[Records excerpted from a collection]
= Beginning of Section =

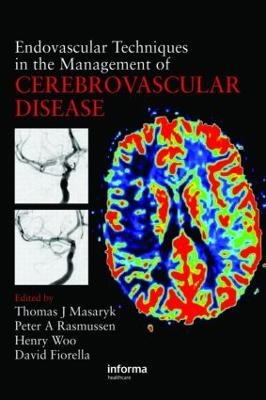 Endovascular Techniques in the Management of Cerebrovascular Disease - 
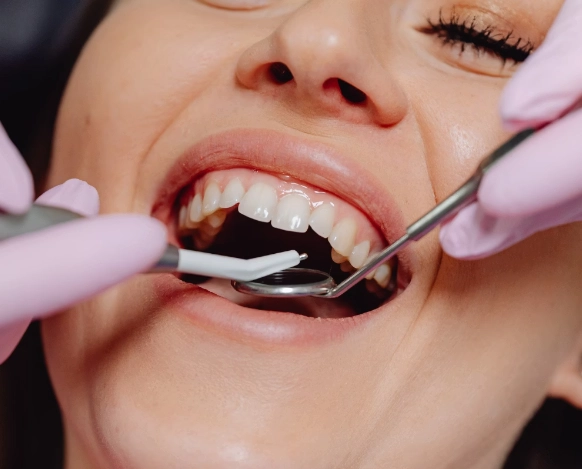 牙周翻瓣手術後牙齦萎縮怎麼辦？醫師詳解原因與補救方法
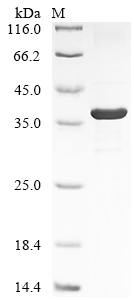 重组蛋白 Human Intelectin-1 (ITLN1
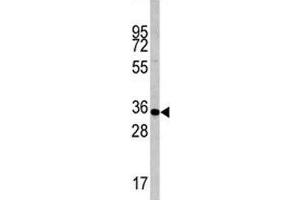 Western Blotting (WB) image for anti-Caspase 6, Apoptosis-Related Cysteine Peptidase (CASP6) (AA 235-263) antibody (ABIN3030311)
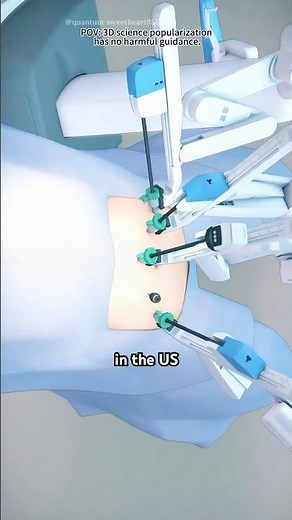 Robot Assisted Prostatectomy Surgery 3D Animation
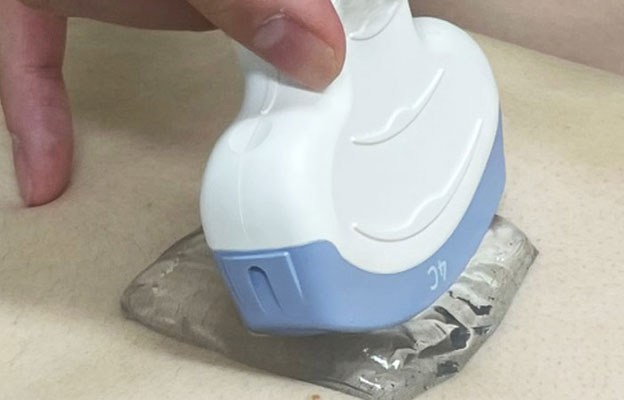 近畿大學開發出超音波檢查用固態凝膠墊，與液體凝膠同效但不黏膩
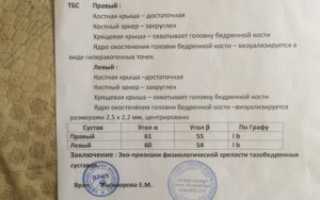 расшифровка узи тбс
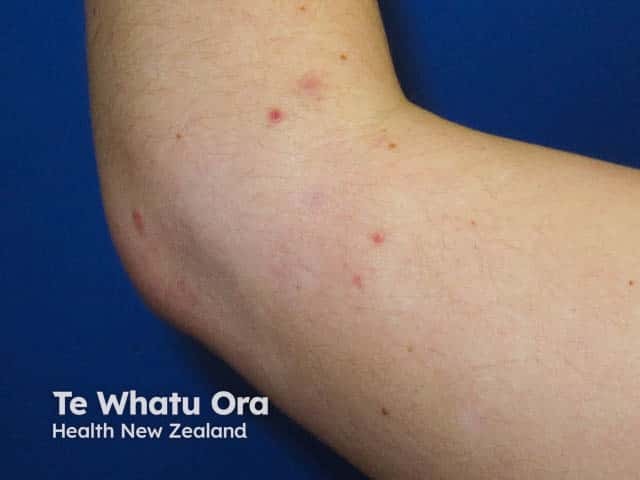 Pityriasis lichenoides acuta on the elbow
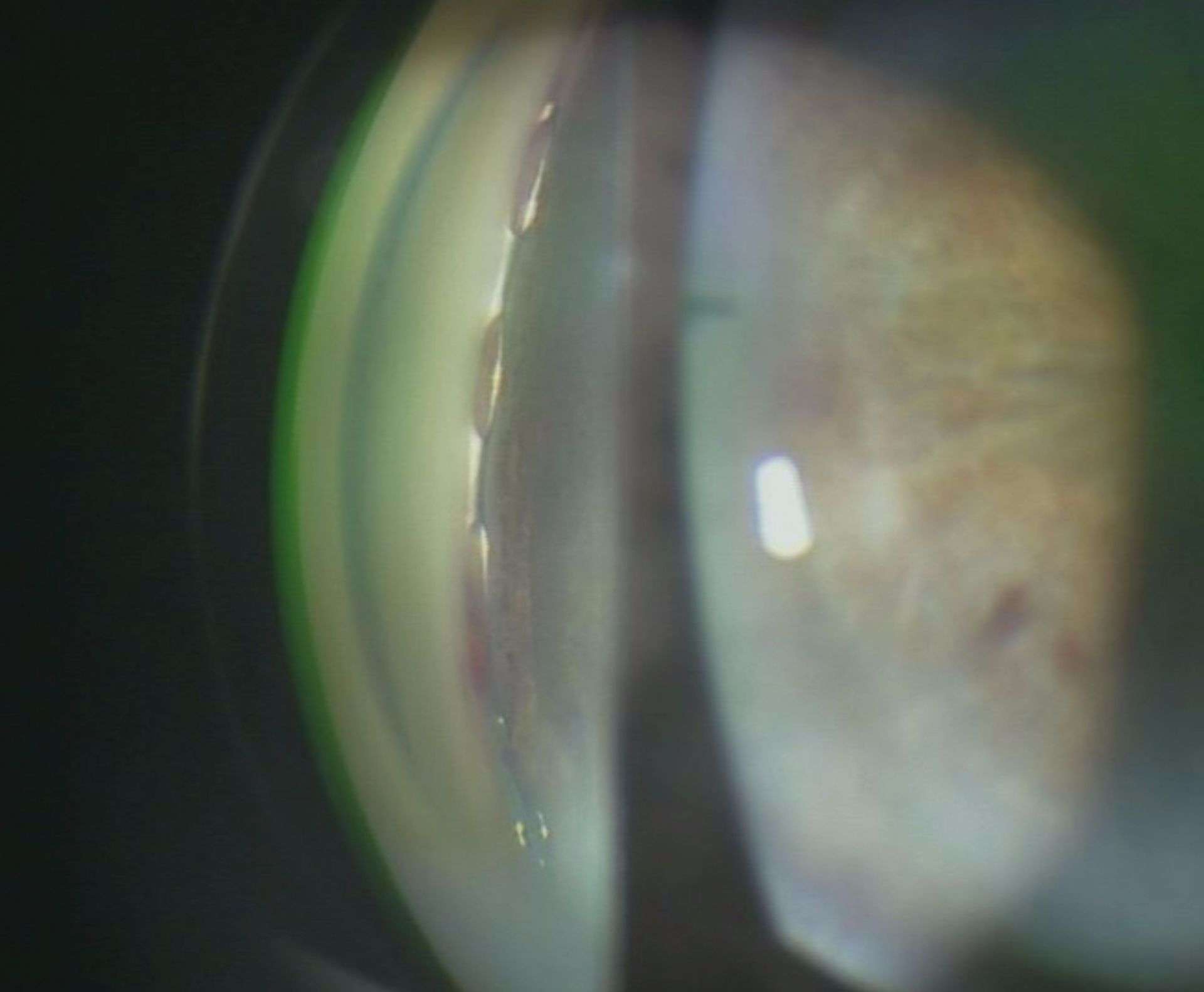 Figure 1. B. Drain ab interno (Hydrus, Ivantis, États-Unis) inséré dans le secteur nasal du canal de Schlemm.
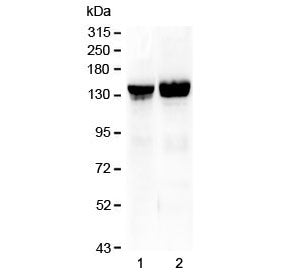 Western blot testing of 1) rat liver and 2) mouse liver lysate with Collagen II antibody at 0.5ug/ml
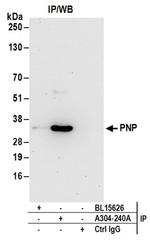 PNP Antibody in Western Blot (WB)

= End of Section =

▶ _Work instruction_
Starting at the line that contains "近畿大學開發出超音波檢查用固態凝膠墊，與液體凝膠同效但不黏膩", reproduce each line exactly through the end of the entries above, leaving every picture out.

▶ _Result for this exercise_
 近畿大學開發出超音波檢查用固態凝膠墊，與液體凝膠同效但不黏膩
 расшифровка узи тбс
 Pityriasis lichenoides acuta on the elbow
 Figure 1. B. Drain ab interno (Hydrus, Ivantis, États-Unis) inséré dans le secteur nasal du canal de Schlemm.
 Western blot testing of 1) rat liver and 2) mouse liver lysate with Collagen II antibody at 0.5ug/ml
 PNP Antibody in Western Blot (WB)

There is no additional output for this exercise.